Prime Minister Hasina says Rohingya are "a burden" for Bangladesh
Because of the Rohingya, “local people have to face immense suffering,” said the prime minister. In Cox’s Bazar camps, crime is up, including robberies, murders, prostitution, and drugs. Bangladeshi authorities cut telecommunications, sparking protest by activists and NGOs.
Dhaka (AsiaNews) - The Rohingya refugees who fled violence in Myanmar are a burden for Bangladesh, this according to Bangladesh Prime Minister Sheikh Hasina (pictured) who spoke to the United Kingdom All-Party Parliamentary Group (APPG) yesterday.
Led by president Anne Main, British lawmakers presented the prime minister with the final report on their visit to Cox’s Bazar refuge camps.
Since “the Liberation War in 1971 when an estimated 10 million Bangladeshis took shelter in India as refugees, we know pain and sufferings of refugees but now the Rohingya have emerged as a big burden for us and the local people have to face immense suffering for them,” Sheikh Hasina said.
In recent weeks, some Bangladeshis have complained about the Rohingya, echoing people in Rakhine, the Myanmar state the Muslim minority left starting in August 2017.
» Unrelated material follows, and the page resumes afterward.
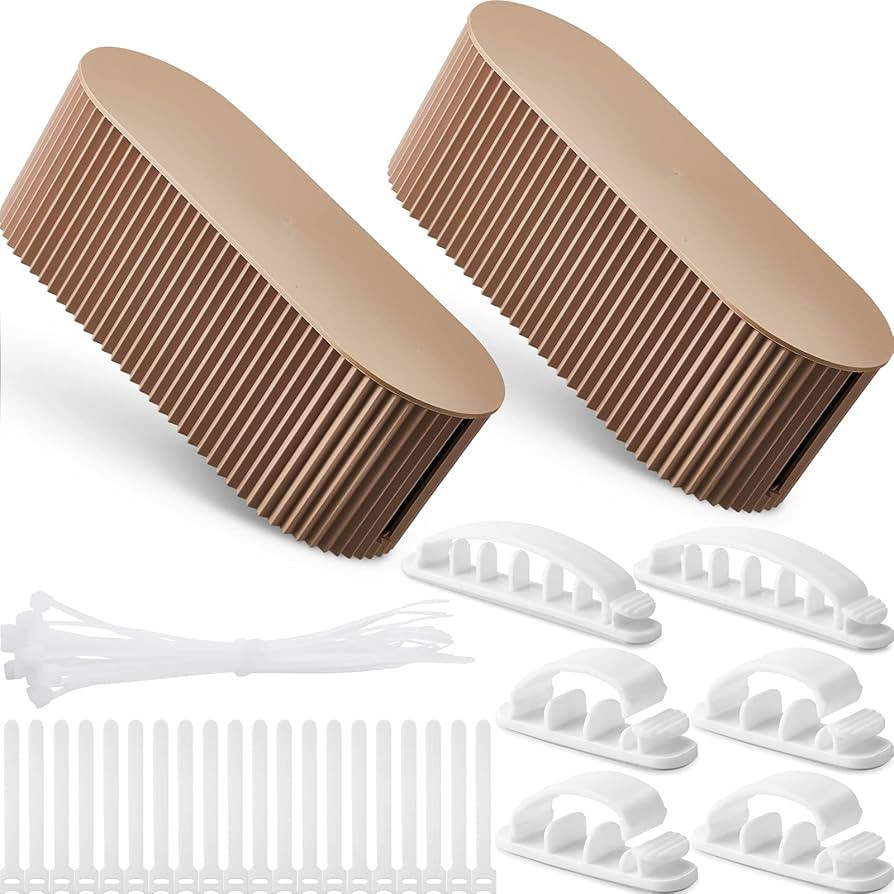 Marsui 2 Pcs Light Coffee Cable Management Organizer Box for Hiding Wires, Home Office Desk Floor... | Amazon (US)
In Cox’s Bazar refugee camps, many refugees use cell phones and smartphones illegally; crimes have increased with robberies, murders, prostitution and drug trafficking.
Some Rohingya have been able to get away from the reception facilities and reach neighbouring towns where they have mingled with the local population in an attempt to obtain a passport and move to a third country.
Many claim that the refugees represent a threat to security since Islamist militancy is spreading increasingly among them.
On 9 September, the Bangladesh Telecommunications Regulatory Commission ordered all operators to shut down 3G and 4G services in the camps. The refugees report that the high-speed service was closed the following day.
A week earlier, the government had ordered the closure of all 3G and 4G services between 5 pm and 6 am. At present, 2G services seem to remain available but limited only to calls and text messages.
Activists and NGOs working in Cox’s Bazar camps are urging the Bangladeshi government to lift the restrictions immediately.